◆ **TASK STATEMENT**:
Please write out exactly the lines of the data below from the line holding "Jibbitz Crocs License Plate Multicolor" through the line holding "Ulli Misegades-Courtjester,Chateaux-Chambord", and leave out the rest.

◆ **PROVIDED ENTRIES**:
────────────────

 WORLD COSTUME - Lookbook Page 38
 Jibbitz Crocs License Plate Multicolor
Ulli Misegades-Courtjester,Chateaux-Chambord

────────────────

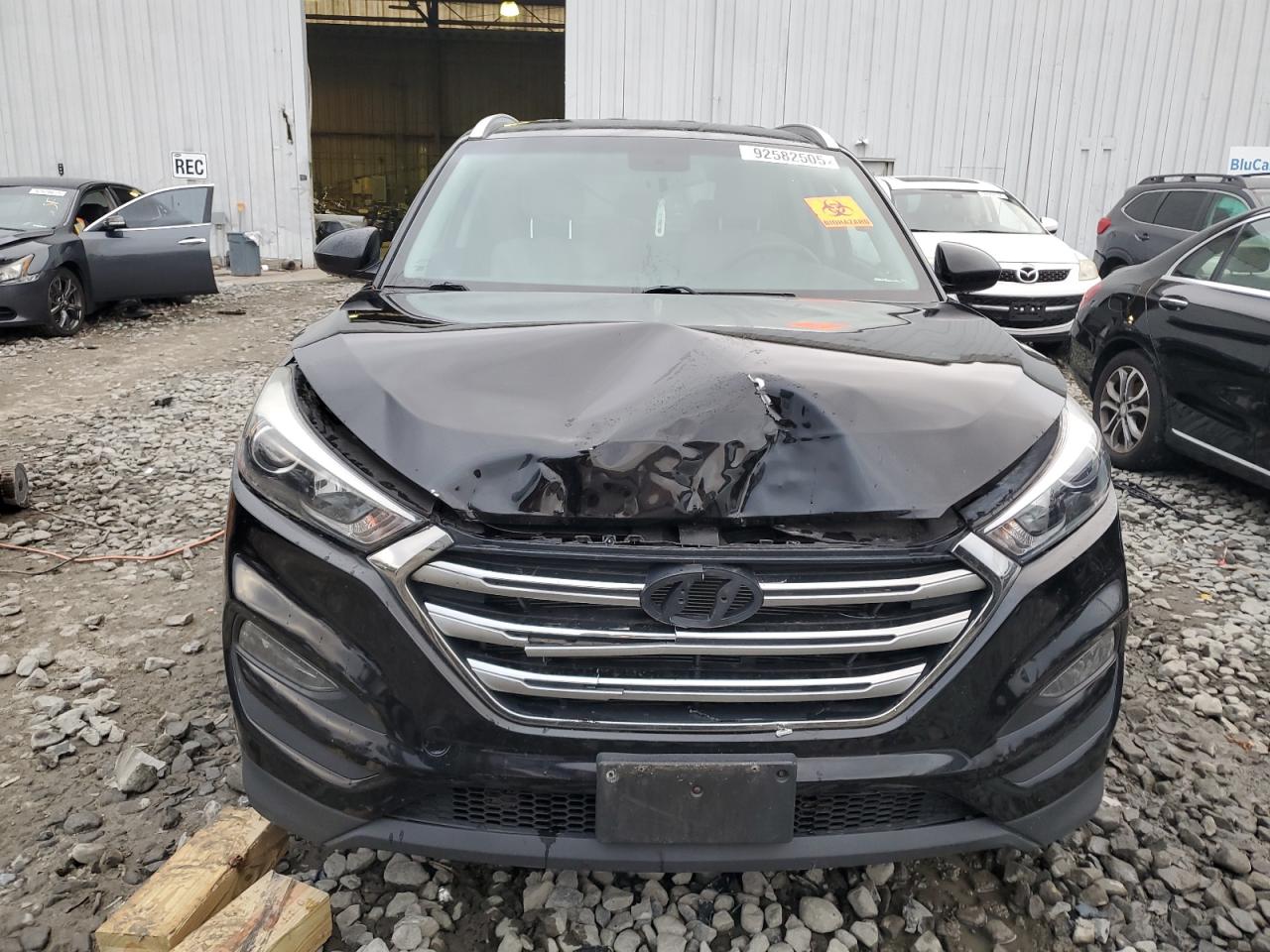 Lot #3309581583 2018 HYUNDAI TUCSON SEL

────────────────

◆ **RESPONSE BOX**:
 Jibbitz Crocs License Plate Multicolor
Ulli Misegades-Courtjester,Chateaux-Chambord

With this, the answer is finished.